• [TASK PROMPT]: All of the records that follow need to be copied word for word, without the pictures.

• [RECORDS SHOWN]:
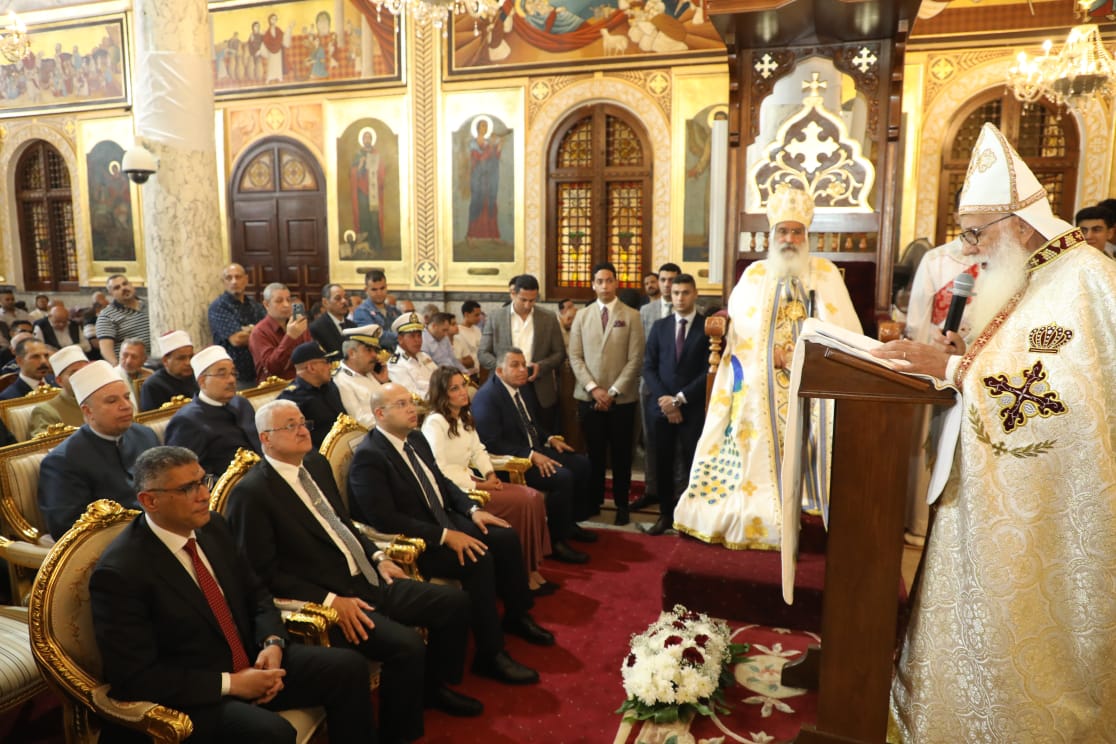 محافظ الجيزة يزور مطرانية الجيزة للأقباط الأرثوذكس للتهنئة بعيد القيامة 10 محافظ الجيزة يزور مطرانية الجيزة للأقباط الأرثوذكس للتهنئة بعيد القيامة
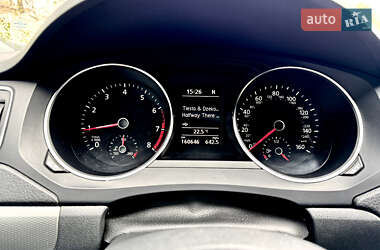 Седан Volkswagen Jetta 2016 в 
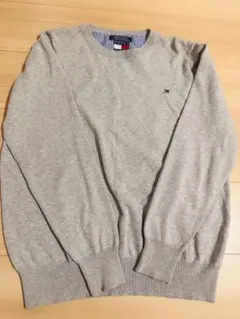 TOMMY HILFIGER グレー Vネックセーター Mサイズ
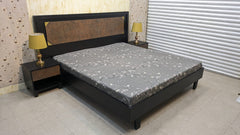King Size Bed With 2 Side Table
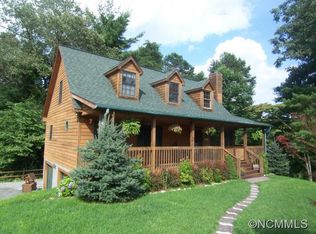 324 Hidden Meadow Dr, Hendersonville, NC 28792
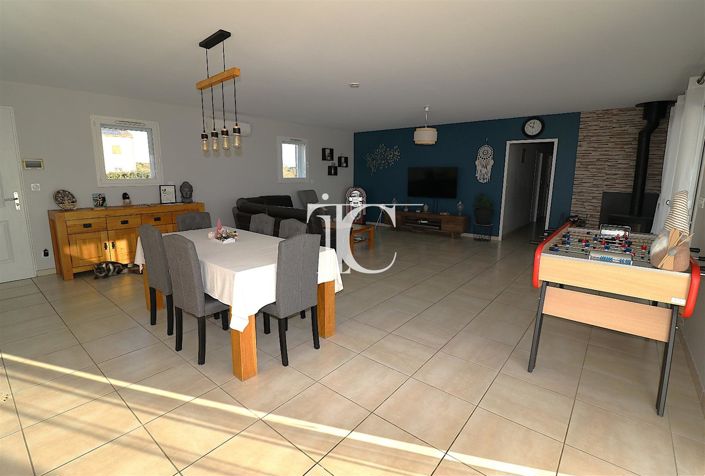 Image No.3-8 Bed House for sale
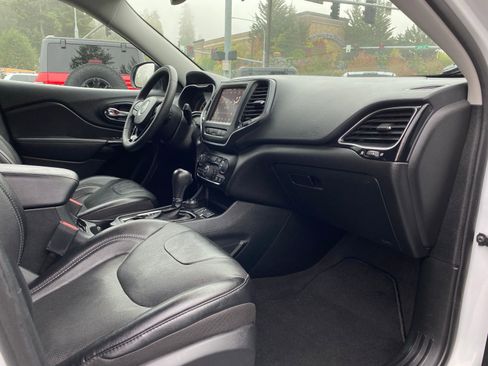 Used 2023 Jeep Cherokee Altitude Lux image 17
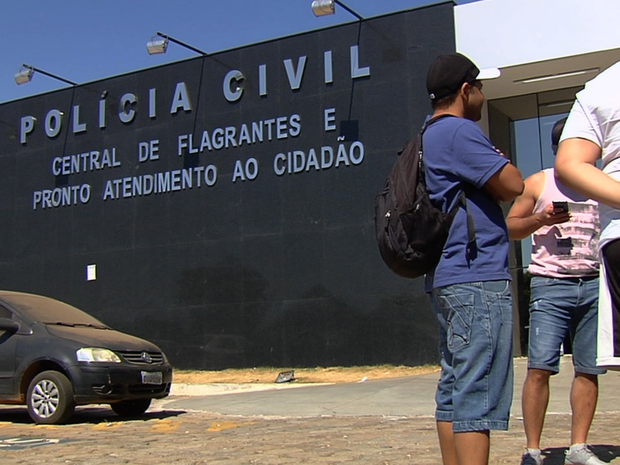 Jogadores e testemunhas foram encaminhados à Polícia Civil, em Goiânia, Goiás (Foto: Reprodução/TV Anhanguera)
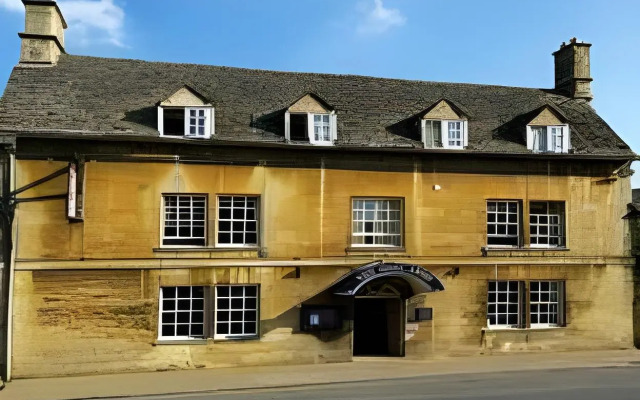 Noel Arms Hotel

• [YOUR SOLUTION]:
 محافظ الجيزة يزور مطرانية الجيزة للأقباط الأرثوذكس للتهنئة بعيد القيامة 10 محافظ الجيزة يزور مطرانية الجيزة للأقباط الأرثوذكس للتهنئة بعيد القيامة
 Седан Volkswagen Jetta 2016 в 
 TOMMY HILFIGER グレー Vネックセーター Mサイズ
King Size Bed With 2 Side Table
 324 Hidden Meadow Dr, Hendersonville, NC 28792
 Image No.3-8 Bed House for sale
 Used 2023 Jeep Cherokee Altitude Lux image 17
 Jogadores e testemunhas foram encaminhados à Polícia Civil, em Goiânia, Goiás (Foto: Reprodução/TV Anhanguera)
 Noel Arms Hotel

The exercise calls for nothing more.